The women have a fitting with sinister dressmakers Ms. S and Ms. T, who prick Elle with a pin as a sign of good luck. Later, Johnny Thunders tells the women about the legend of the Leatherman, a murderous spirit with diamond-encrusted gloves, who appears with the mist and can only be killed by cutting off his hands. Elle hopes that the film she and her father are making will bring them closer together, but he soon departs after urging her to bury the hatchet with Dominique. Elle and Hunter witness the Leatherman murder a neighbor, ripping her chest open and throwing her through a window.

They continue to shoot Johnny's science fiction film, an adaptation of a comic book called Candyfloss: Elle's character crash-lands her spaceship on a crystal planet, where she is betrayed by Dominique. Hunter stops the scene to tell them of her research into the Leatherman, perceived by some as the Devil, and the Kingmakers, a pair of kitsune who help him find his destroyer. Johnny has left Elle a golden hatchet as a birthday gift, and she finds his forgotten leather jacket with a cigarette lighter belonging to Private K, an American G.I. once stationed in Japan.

Decades before, K believed the Leatherman was responsible for the disappearance of his daughter, hunting him for years. After attacking a yakuza boss and his men, K is flogged by the police as punishment. The Leatherman's kitsune, Ms. S and Ms. T, tell K that his daughter is still alive and that he must kill the Leatherman to free her. Ambushed by the yakuza, K kills them, only to be drawn through a mirror into the Leatherman's ghostly, crystalline realm, which resembles the Candyfloss set.

Celebrating Elle's birthday, Dominique brings her and Hunter to party with Johnny's rival, Nico. Dominique confides in Elle that she has slept with Nico, part of the understanding she and Johnny have about their marriage. She tries to repair her friendship with Elle, who kisses her, but Dominique gently turns her down, leading Elle to seduce Nico instead. Trapped in the other realm, K watches helplessly as Hunter is killed by the Leatherman.

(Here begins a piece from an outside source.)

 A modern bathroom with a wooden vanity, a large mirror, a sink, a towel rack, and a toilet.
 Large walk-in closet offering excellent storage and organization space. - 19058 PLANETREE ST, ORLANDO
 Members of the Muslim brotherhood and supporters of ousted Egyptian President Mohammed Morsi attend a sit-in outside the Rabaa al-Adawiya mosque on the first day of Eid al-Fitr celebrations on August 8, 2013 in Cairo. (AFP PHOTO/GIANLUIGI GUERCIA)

Returning to the hotel, Elle gropes the sleeping Dominique and spitefully forces her underwear, which she used to wipe Nico's semen off her leg, into Dominique's mouth. A vicious argument ensues and an increasingly unhinged Elle swings the golden hatchet at Dominique. The Leatherman appears, kills Dominique, and pursues Elle into the crystal realm. There, K fights the Leatherman and is nearly defeated, but Elle chops off the Leatherman's hands with her hatchet. The Leatherman vanishes, and K is reunited with his daughter, while the kitsune offer the Leatherman's gloves to Elle with the chance to "find what [she] has lost."

==Cast==
- Sophie Thatcher as Elle
- Charles Melton as Private K
- Havana Rose Liu as Dominique
- Kristine Froseth as Hunter
- Shioli Kutsuna as Ms. T
- Aoi Yamada as Ms. S
- Dougray Scott as Johnny Thunders
- Diego Calva as Nico
- Hidetoshi Nishijima as Hayashi
- Parker Sawyers as Frank

==Production==
After creating a pair of limited series, Too Old to Die Young for Amazon Prime Video and Copenhagen Cowboy for Netflix, Nicolas Winding Refn began work on his next feature film, his first since 2016's The Neon Demon. In an interview with Variety in August 2024, he said that he planned on shooting the film in Tokyo, with English and Japanese being the primary spoken languages of the project.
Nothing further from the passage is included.